Sauter des gratte-ciel fut une très bonne lecture. Sans révolutionner le style dystopique, l’autrice y insuffle un vent différent. J’ai lu ce roman d’une traite et je l’ai trouvé à la fois rafraichissant dans les idées développées que délicat dans sa construction des personnages. Julia Von Lucadou propose un premier roman SF de qualité et je serais très curieuse de lire les prochains.

9 commentaires

  1. Je ne suis pas très dystopie alors je ne suis pas le public pour ce genre de titre. En revanche ce que tu dis sur les petites touches d’originalité introduites dans un genre vu et revu m’intéresse pour le conseiller à des fans du genre 😉

    • Effectivement faut quand même aimer un minimum les dystopies XD
      J’avais eu une overdose de dystopie YA il y a quelques années mais là c’est plus adulte et j’ai bien aimé la construction du roman. Après faut pas s’attendre à de l’action, il n’y en a pas XD

  2. « l’autrice y insuffle un vent différent » : la baffe de vent qu’on prend en sautant d’un gratte-ciel ? ^^
    Bon, dystopie c’est un peu le mot qui fait peur. Mais vu ce que tu en dis, je le note quand même en « pourquoi pas », ça a l’air d’avoir une ambiance à soi.
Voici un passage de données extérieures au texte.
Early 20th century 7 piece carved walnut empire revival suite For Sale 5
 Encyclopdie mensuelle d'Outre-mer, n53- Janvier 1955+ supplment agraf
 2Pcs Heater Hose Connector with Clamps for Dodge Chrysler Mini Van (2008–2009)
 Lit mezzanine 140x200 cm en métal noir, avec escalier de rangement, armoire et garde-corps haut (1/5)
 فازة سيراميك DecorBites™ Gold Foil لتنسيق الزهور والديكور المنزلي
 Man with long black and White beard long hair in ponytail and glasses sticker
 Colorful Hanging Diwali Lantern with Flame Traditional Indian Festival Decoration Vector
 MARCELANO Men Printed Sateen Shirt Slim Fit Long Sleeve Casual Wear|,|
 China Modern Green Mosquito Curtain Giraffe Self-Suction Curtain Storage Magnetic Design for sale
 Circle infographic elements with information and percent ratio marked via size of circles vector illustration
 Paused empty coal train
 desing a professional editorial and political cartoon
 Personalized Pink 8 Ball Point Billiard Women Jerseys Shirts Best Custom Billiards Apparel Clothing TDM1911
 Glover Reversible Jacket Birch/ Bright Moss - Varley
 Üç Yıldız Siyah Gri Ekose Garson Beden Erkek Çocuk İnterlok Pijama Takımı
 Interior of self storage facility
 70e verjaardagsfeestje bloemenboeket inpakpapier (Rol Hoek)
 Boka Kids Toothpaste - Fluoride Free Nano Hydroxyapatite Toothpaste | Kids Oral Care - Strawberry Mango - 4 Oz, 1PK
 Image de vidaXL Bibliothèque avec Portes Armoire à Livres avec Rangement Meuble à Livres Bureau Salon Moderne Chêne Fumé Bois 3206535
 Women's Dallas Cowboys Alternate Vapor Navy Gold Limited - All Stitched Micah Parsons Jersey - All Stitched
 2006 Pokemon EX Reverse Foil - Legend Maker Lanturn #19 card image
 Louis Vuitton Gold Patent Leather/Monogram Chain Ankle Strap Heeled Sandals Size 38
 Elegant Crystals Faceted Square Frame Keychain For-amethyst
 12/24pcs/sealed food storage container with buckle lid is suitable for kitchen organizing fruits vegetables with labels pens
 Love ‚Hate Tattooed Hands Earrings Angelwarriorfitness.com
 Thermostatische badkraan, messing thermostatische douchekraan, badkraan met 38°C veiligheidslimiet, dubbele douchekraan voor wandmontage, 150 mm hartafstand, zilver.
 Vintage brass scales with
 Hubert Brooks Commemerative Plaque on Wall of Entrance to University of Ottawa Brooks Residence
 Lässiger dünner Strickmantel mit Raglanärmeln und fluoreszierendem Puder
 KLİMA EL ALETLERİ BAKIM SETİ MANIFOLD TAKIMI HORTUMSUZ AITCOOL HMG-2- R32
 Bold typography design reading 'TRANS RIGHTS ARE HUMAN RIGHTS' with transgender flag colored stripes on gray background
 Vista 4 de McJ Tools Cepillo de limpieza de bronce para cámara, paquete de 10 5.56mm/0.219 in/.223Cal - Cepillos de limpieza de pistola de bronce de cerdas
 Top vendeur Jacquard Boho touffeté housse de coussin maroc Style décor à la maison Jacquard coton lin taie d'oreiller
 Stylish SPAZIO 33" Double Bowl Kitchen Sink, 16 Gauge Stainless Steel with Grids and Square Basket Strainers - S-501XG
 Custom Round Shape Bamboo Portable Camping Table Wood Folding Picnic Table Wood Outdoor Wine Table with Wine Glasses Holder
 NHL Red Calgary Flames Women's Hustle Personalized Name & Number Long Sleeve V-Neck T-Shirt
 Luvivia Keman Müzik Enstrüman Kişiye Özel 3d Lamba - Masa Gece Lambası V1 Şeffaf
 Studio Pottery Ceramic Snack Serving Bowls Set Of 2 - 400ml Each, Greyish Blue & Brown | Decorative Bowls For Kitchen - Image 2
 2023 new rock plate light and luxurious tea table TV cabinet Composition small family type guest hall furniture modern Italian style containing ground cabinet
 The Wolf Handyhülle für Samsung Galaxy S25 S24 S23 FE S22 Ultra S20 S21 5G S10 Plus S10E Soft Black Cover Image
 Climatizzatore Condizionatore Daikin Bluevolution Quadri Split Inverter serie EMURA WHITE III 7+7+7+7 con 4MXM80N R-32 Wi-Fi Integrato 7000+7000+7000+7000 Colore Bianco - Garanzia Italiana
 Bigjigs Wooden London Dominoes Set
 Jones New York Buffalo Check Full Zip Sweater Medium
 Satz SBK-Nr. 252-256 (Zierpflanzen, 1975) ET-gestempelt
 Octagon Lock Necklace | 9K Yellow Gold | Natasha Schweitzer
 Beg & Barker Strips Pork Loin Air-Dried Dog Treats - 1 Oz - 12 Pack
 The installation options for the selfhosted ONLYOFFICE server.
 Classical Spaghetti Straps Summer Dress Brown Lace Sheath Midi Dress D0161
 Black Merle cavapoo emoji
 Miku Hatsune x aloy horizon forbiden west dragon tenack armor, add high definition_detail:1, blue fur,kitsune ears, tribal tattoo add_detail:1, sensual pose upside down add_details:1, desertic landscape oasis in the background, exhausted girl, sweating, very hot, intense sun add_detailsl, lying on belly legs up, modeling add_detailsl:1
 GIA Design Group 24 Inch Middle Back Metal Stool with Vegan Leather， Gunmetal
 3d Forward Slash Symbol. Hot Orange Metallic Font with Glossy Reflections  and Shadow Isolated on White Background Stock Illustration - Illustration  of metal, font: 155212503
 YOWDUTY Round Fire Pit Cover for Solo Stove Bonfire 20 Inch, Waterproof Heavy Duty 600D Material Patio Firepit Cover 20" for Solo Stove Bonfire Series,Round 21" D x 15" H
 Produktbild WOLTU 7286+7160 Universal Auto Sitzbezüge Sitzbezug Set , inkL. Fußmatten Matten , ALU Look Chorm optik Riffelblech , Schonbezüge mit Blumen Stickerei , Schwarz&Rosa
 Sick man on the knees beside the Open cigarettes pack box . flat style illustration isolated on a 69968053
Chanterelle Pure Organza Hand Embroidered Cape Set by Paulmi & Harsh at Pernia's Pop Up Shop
    • Cet humour que j’arrive à insuffler à ma chronique sans le vouloir XD
      Oui je sais dystopie c’est plus trop à la mode : trop de livres pas top mais là je trouve que l’autrice a construit un roman franchement interessant. J’ai vraiment bien aimé moi 😉

  3. Ha ça me rend curieux rien que pour ça : « pousser vers la performance dans tous les domaines tout en les contraignant à prendre soin d’eux ». ça m’évoque fortement les doubles injonctions de productivité/bien être sur lesquels surf le développement personnel et rien que pour ça, ça m’intrigue ! 🙂

  4. Intriguée je suis! Comme dit Shaya, en plus de la SF allemande c’est pas tous les jours qu’on en trouve donc ça peut être intéressant. L’univers en tout cas m’intéresse beaucoup.

    • J’étais pareil très intriguée par ce titre.
      C’est une titre un peu comme Rivages de Gauthier Guillemin assez contemplatif, il ne se passe pas grand chose mais j’ai trouvé que l’autrice avait réussi à rendre le récit captivant.